Ivy League Crush Raises Profile of the Nation’s “Second Tier”
According to a recent New York Times article (Ivy League Crunch Brings New Cachet to Next Tier), Ivy League schools are more difficult to get into than ever before, which is bad news for prospective applicants, but great news for what has traditionally been known as the “second tier.”
As Ivy League admission rates have dropped from the low double digits to the very, very low double digits (from 20% or so down to 12% or less), institutions like Kenyon College (Ohio), Lehigh University, (Pennsylvania), Tufts University (Massachusetts), Pomona College (California), Bowdoin College (Maine), the University of Michigan, and the University of Virginia have experienced dramatic increases in the number of high school seniors seeking admission.
Consider these examples: Kenyon College received 4,200 applications this year, up from 2,000 apps only six years ago; Lehigh’s applicant pool of 12,000 represents a 50% increase over the last 7 years; and the University of Vermont’s 19,000 current applicants are more than double the number of students applying on 7 years ago (7, 400).
This may be great news for the so-called second tier; but is it great news for Black applicants?
The Ivy League crush and the resulting selectivity trickle down will probably have little impact on Black admission and recruitment at private institutions.

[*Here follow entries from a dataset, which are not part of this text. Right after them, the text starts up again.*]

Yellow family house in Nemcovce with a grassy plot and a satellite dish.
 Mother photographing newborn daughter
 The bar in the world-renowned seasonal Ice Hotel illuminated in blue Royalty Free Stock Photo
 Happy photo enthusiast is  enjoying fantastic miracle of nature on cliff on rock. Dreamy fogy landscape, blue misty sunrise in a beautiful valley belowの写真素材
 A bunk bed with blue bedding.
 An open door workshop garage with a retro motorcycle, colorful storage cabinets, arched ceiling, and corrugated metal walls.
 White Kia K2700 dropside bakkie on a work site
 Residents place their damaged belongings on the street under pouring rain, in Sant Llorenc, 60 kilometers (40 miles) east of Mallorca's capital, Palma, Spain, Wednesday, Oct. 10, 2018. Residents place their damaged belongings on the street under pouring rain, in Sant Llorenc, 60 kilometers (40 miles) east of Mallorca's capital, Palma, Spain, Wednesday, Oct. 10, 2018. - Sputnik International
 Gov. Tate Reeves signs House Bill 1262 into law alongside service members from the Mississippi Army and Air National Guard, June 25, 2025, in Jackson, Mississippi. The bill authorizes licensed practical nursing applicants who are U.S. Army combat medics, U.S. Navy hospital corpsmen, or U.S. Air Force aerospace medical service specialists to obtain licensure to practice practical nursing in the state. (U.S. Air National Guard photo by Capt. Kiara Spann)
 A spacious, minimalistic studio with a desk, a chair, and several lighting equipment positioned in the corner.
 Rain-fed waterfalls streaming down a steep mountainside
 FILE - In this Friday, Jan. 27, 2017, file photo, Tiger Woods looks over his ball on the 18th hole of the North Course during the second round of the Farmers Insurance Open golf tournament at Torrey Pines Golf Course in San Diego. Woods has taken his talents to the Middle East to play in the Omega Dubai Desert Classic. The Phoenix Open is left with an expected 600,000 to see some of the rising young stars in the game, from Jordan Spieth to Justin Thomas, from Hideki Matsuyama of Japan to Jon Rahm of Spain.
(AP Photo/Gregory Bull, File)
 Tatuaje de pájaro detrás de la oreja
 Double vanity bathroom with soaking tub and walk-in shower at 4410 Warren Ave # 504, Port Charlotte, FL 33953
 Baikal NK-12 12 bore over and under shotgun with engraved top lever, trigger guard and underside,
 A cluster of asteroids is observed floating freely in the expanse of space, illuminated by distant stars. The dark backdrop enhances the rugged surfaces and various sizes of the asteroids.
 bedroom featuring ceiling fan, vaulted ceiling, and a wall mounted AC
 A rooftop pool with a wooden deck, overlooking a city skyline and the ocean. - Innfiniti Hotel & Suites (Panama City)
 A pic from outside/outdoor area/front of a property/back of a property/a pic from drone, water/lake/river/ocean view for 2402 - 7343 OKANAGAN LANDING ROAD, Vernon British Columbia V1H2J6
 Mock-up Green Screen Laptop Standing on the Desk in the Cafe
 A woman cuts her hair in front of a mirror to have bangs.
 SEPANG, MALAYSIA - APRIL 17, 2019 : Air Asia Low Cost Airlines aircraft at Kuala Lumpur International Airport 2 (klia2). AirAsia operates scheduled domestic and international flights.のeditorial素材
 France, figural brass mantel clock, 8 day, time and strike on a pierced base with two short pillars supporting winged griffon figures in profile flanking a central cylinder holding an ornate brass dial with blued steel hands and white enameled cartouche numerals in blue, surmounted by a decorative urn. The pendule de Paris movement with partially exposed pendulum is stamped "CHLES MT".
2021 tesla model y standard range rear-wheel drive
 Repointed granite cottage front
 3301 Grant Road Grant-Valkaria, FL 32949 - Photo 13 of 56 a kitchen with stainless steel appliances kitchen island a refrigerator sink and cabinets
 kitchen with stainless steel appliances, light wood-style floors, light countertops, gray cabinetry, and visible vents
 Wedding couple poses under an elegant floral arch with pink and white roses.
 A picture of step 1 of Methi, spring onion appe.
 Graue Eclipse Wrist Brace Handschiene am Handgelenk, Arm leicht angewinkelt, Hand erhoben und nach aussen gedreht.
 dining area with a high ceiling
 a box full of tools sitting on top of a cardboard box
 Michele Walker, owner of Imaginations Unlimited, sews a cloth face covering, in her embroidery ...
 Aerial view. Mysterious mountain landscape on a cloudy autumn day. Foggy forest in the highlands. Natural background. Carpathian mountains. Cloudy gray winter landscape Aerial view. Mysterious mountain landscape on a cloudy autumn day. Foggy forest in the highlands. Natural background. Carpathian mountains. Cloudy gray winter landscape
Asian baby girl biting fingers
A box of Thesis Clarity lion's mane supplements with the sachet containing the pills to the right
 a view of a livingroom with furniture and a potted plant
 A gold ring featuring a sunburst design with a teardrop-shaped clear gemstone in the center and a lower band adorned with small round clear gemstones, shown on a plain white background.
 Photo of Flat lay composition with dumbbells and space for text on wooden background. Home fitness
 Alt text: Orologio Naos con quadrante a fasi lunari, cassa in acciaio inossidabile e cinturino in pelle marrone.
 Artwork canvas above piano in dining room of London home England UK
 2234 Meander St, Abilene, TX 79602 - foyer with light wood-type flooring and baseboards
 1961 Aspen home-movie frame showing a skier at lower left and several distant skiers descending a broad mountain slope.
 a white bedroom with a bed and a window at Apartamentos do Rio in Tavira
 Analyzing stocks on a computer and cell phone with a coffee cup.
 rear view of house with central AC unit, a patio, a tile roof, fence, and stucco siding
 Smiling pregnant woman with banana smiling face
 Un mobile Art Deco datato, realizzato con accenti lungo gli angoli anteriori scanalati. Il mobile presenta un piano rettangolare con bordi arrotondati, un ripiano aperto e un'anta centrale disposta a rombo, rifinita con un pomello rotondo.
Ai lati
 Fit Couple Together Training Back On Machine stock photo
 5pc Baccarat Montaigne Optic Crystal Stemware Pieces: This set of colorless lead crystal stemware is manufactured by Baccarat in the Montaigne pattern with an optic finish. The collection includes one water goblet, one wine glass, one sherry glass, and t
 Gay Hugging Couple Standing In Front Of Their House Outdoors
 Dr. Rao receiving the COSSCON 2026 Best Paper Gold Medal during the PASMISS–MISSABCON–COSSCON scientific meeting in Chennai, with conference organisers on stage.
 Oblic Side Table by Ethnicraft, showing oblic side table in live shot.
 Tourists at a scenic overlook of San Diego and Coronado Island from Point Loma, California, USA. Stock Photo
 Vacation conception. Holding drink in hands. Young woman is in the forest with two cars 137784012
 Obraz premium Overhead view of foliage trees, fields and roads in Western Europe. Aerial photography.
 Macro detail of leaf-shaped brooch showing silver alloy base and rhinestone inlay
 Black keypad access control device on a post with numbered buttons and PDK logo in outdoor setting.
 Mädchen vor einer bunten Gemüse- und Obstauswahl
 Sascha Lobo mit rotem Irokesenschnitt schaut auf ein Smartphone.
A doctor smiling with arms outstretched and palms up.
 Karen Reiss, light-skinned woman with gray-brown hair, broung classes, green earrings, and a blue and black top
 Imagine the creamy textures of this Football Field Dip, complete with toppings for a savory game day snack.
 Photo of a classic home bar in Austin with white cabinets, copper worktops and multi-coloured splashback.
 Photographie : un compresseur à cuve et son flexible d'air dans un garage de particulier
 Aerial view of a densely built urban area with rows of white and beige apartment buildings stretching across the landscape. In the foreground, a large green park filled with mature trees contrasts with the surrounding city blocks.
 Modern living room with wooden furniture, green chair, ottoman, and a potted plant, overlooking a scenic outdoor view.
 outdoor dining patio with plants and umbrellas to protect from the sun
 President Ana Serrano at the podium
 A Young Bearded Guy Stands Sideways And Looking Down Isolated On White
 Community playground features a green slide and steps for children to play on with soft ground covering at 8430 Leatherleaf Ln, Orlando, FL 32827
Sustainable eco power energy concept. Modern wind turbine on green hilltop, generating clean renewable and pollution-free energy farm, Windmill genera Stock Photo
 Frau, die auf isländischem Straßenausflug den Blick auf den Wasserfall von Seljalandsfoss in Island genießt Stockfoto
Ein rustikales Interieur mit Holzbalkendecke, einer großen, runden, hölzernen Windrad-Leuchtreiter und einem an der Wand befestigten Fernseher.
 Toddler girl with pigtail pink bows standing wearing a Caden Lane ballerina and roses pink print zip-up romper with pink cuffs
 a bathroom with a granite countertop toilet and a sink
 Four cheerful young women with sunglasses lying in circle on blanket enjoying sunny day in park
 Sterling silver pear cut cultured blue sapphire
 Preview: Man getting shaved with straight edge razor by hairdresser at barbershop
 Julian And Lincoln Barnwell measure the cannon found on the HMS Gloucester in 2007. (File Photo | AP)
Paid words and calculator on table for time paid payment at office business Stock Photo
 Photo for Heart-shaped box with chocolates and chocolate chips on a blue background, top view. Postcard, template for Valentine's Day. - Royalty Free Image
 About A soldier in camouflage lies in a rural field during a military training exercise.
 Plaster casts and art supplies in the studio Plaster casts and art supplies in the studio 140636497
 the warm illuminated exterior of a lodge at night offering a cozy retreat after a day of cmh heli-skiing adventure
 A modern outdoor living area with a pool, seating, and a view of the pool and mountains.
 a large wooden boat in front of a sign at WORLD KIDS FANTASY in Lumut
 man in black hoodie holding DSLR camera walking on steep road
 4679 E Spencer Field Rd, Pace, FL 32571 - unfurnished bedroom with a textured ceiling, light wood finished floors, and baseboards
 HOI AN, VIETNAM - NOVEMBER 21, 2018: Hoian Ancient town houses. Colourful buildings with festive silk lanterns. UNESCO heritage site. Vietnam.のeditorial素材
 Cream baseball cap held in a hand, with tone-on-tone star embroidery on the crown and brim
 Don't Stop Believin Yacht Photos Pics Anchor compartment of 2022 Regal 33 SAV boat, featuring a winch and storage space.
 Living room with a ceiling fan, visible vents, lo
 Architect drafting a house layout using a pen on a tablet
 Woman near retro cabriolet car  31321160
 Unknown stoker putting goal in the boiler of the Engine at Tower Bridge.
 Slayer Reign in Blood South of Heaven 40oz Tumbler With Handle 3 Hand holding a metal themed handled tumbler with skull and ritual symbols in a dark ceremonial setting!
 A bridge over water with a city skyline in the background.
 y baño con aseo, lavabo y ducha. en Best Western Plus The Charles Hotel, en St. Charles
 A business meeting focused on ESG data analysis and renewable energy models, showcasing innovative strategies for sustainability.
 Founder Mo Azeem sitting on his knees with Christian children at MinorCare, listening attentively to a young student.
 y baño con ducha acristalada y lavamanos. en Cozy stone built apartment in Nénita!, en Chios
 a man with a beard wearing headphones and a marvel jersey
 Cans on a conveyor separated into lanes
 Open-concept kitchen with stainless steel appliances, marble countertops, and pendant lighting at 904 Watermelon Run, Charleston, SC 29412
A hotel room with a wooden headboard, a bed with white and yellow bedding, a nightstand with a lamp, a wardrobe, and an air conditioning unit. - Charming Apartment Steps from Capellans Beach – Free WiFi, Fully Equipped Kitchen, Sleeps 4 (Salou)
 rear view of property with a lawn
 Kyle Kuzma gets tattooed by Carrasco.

The Ivy League has for the most part had greater success that their counterparts in the next tier at recruiting and matriculating the nation’s strongest Black applicants. Using a combination of reputation, nationally recognized Black faculty, agressive minority recruitment, and generous financial aid packages, the 8 schools of the Ivy league have tended to enroll a disproportionate number of the nation’s Black National Merit Scholars (finalists and semi-finalists), National Achivement Scholars, valedictorians, and high scorers on the AP exams. The crush of applicants at colleges like Kenyon, Bowdoin, Lehigh, and Tufts is unlikely to have an impact on this trend, especially given the bold financial aid initiatives that institutions like Harvard have recently put into place to relieve the debt load on students whose families earn less that $80,000 a year.
The increasing selectivity of the second tier will have a greater impact on Black applicants to the nation’s most selective public institutions. Expect a downturn in the admission and enrollment figures at these schools, especially those located in Michigan and other states with ballot initiative systems. As the selectivity of major flagship universities increases, so too will the likelihood that anti-affirmative action measures will be placed on the ballot and approved by voters. Thus a dramatic decrease in the number of African American students in particular is quite likely at popular public universities across the nation.
The least predictable factor is how the smaller private colleges and universities will themselves respond to their greater selectivity. Such institutions might dramatically improve their Black student enrollments if they are willing to seek African American applicants from less traditional sources. Such institutions should be on the lookout for strong academic performers from low-profile urban and rural high schools that rarely send students to 4-year colleges; for first-generation college enrollees whose high school grades and curricula show great promise, but whose SAT scores might have suffered from lack of coaching and preparation; and for Black students whose grades and test scores are strong, but who might be overlooked by public university systems that have abolished their affirmative action programs.
At the same time that these colleges and universities are beginning to look at themselves as national insitutions, I hope that they will continue or–in some cases–that they will start to cultivate a Black applicant pool that is local. This is a great moment for these smaller institutions. I hope that they will seize the opportunities that their prominence is opening up to them, and that each of the colleges will just the quality of its applicant pool not just by its selectivity, but by is diversity, as well.